Il vit le Quincy hausser un sourcil et savait qu'il venait de le surprendre. Il devait penser qu'il était un cancre, et bosser avec lui était une bonne façon de lui prouver qu'il n'était pas qu'un amas de muscles et de pression spirituelle.

_ On pourrait, en effet, déclara Ishida. Il se résigna et s'installa sur la chaise que lui avait ramenée son hôte.

Ils allaient devoir le faire cet exposé, de toute façon, et par sa faute. Autant expédier ça au plus vite sans trop chercher à comprendre ce qui avait bien pu lui passer par la tête cet après-midi là, quand il avait assuré à ses camarades qu'il était simplement inquiet au sujet su Shinigami et que c'était un bon moyen de l'avoir sous les yeux...

Ichigo alluma l'ordinateur portable sur son bureau.

_ Ton père a l'air d'avoir les moyens, hein ? Son job doit rapporter.

_ Tu es bien placé pour le savoir. Je l'ai eu pour mes dix-sept ans.

Ishida acquiesça, bien qu'il se dise intérieurement que ce ne serait certainement pas Ryuuken qui lui ferait ce genre de cadeau.

_ Tu a pensé à ce que tu allais faire après le lycée ? demanda-t-il pendant que la machine démarrait.

L'orangé resta muet. Et le Quincy se claqua mentalement d'avoir évoqué un tel sujet. Il n'était vraiment pas doué pour les rapports humains…

Le Shinigami vit que son ami se sentait coupable d'avoir amené ça sur le tapis.

_ Détends-toi, tu n'as rien dit de mal...

Il devint sérieux tout à coup.

_ Ishida… cette personne qui t'as agressé, tu as pu la voir ?

_ Non. Je l'ai déjà précisé il me semble.

_ Pas à moi, fit remarquer Ichigo.

Uryuu haussa les épaules. L'orangé entra les codes dans son ordinateur et se retourna vers son ami, le dévisageant.

_ Enlève ta veste au moins, tu n'as pas chaud ?

Le brun sursauta devant la réplique. D'où est-ce qu'il sortait ça ? Franchement, passer du coq à l'âne ainsi, c'était une des choses qui l'exaspérait chez le Shinigami.

_ Tu es tellement crispé, sourit ce dernier.

_ Tais-toi, crétin. Je ne suis pas crispé... et je n'ai pas chaud, affirma Uryuu, enlevant néanmoins sa veste qu'il posa soigneusement sur le dossier de sa chaise.

Il se pencha pour récupérer du papier et de quoi écrire dans son sac.
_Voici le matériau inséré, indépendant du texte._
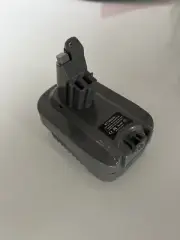 V6 Adapter Compatible Makita 18V Lithium For Dyson V6 SV03 SV04 SV05 Adapter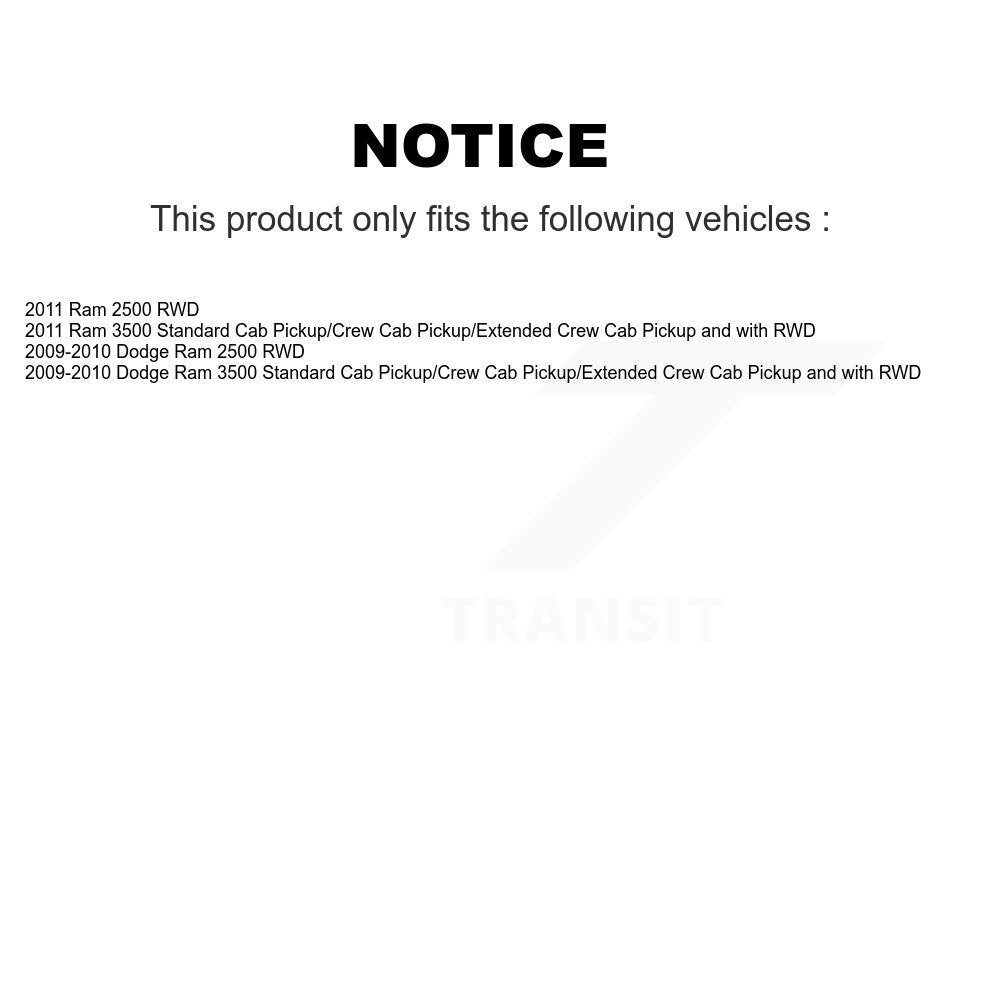 Wheel Bearing Hub Assembly Kit-K7T-100726 - Kit.bestparts.ca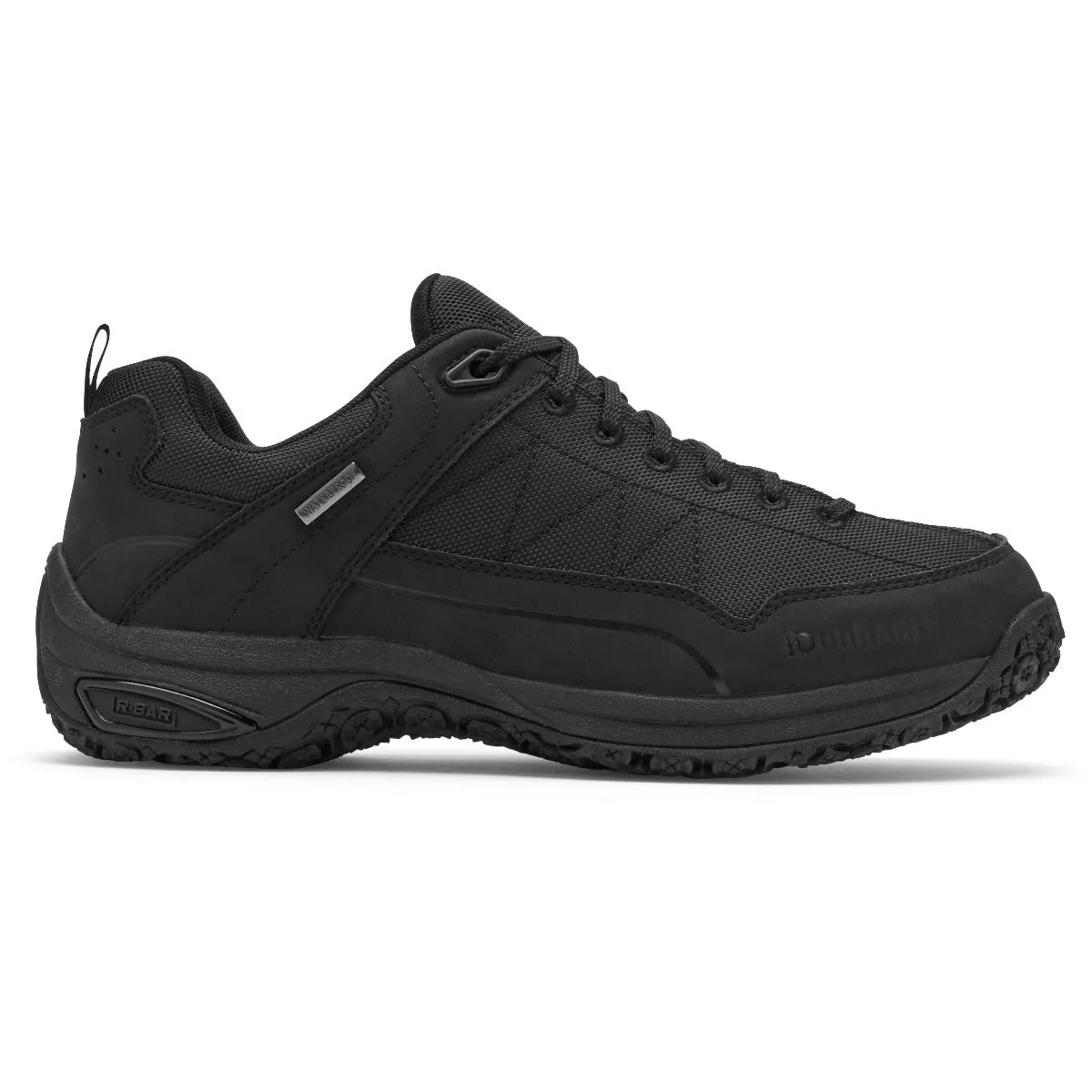 Men's Cloud Plus Waterproof Lace-Up Trekker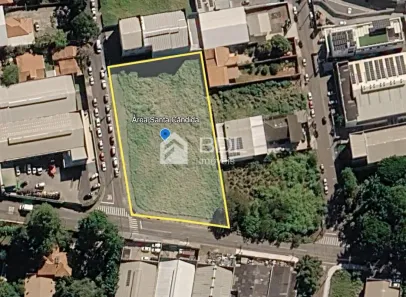 Lote/Terreno à venda, 4320m² no Parque Rural Fazenda Santa Cândida, Campinas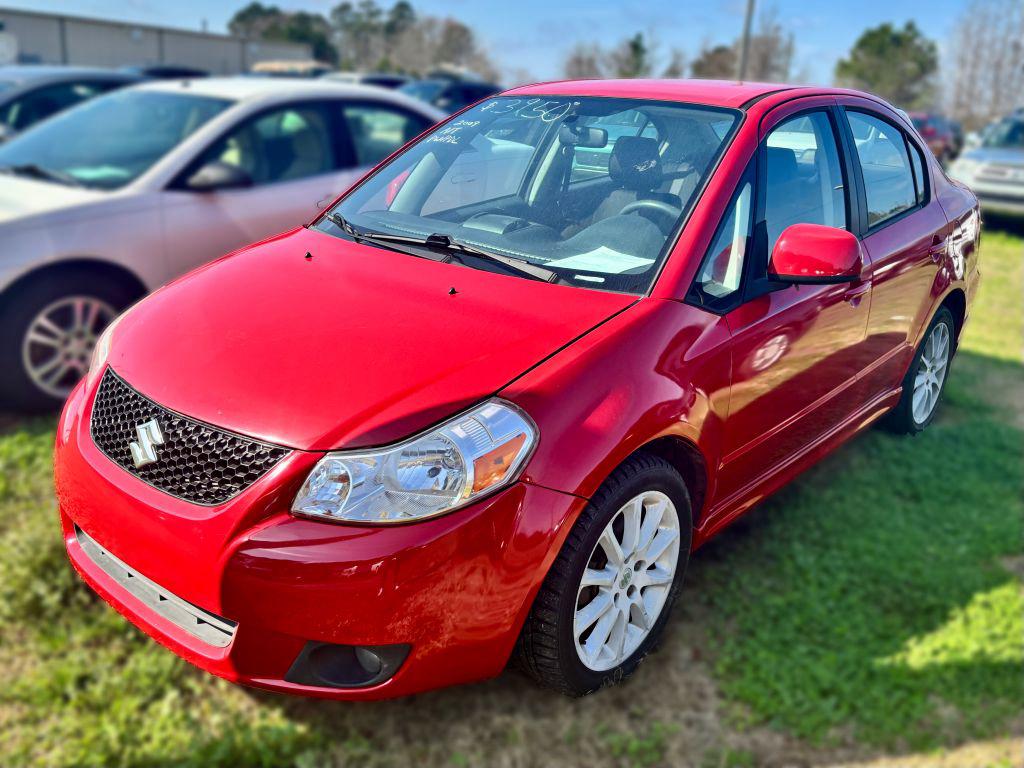 2009 Suzuki SX4 - $3,650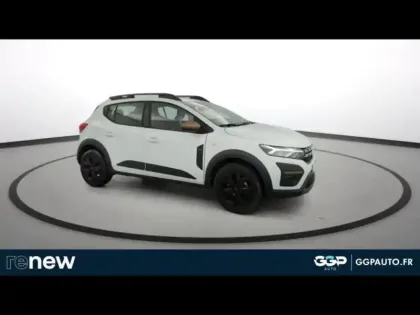 Photo 6 Dacia Sandero  1.0 TCe 90ch Stepway Extreme -24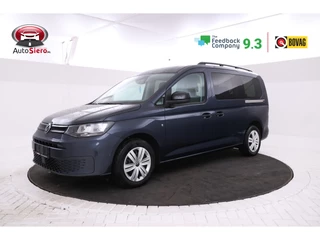 Volkswagen Caddy Maxi 1.5 TSI 7p 7 Persoons, Apple / Android auto, Airco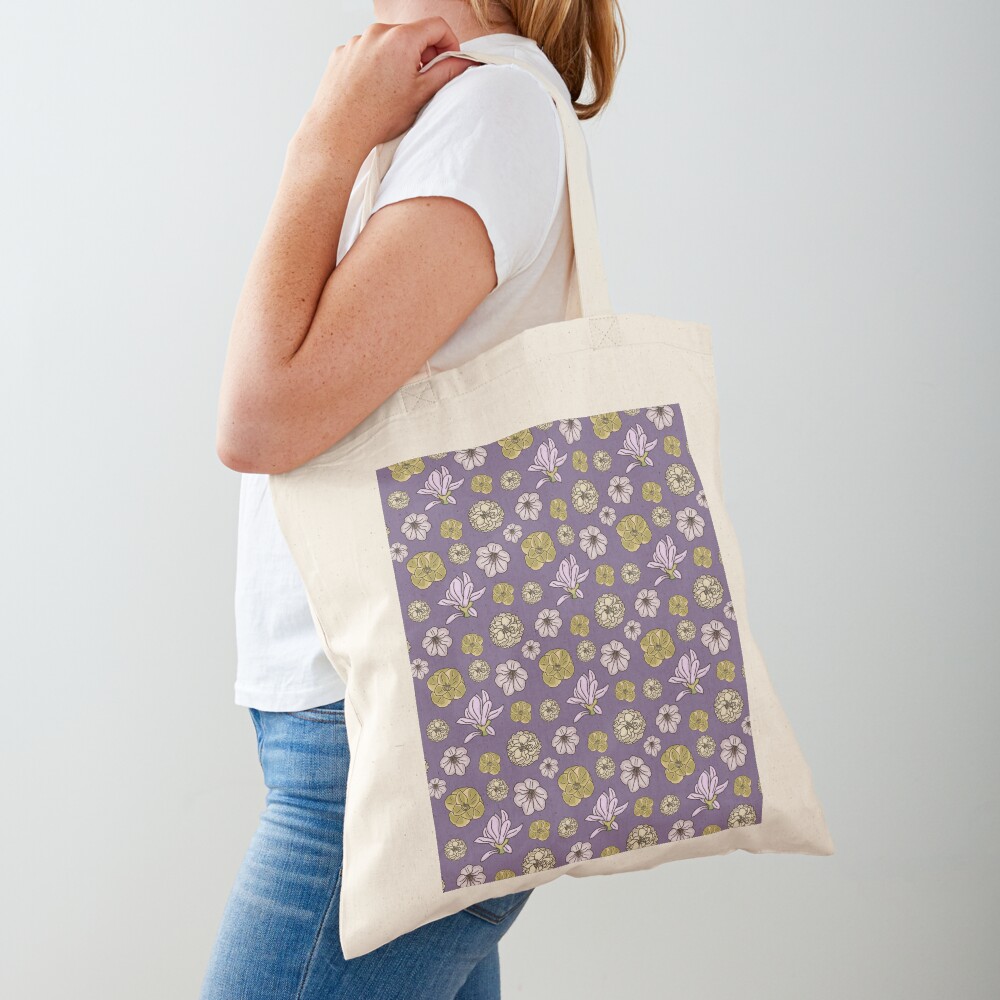 Item preview, Cotton Tote Bag designed and sold by LittleMystics.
Le col de sa chemise était entrouvert et, soudain, la respiration d'Ichigo se bloqua. Son regard se figea, exactement à l'endroit où cette chemise laissait apparaître un morceau de chaire rose et boursoufflée.

Il en eut mal au cœur.

Quand Uryuu releva la tête, il tomba sur un Kurosaki qui avait les yeux braqués sur sa poitrine, teintés de douleur.

_ Qu'est ce que…

_ Ca… te fait mal ? demanda l'orangé qui continuait de fixer la cicatrice.

Ishida ne répondit rien, observant fasciné la main droite de son ami se lever et s'approcher lentement de lui. Il se trouva incapable de bouger, jusqu'à ce qu'un doigt, puis deux, viennent frôler délicatement sa clavicule meurtrie, lui envoyant des frissons dans la colonne vertébrale.

_ Kuro… saki ! souffla-t-il péniblement. Le contact physique avait été fugace, le temps qu'Ichigo semble réaliser ce qu'il était en train de faire et qu'il ne se retire brusquement, mais il sentait encore la brulure sur sa peau.

_ Désolé, s'excusa le Shinigami en s'éloignant. Il avait toujours cet air de souffrance sur le visage, et Uryuu était encore un peu sonné par cet étrange échange. Il s'était imaginé que la tension entre eux avait atteint ses limites, à tort.

_ Tu sais, je suis en train de récupérer mes pouvoirs… C'est ce que je fais quand je sèche, et la raison pour laquelle je rentre tard.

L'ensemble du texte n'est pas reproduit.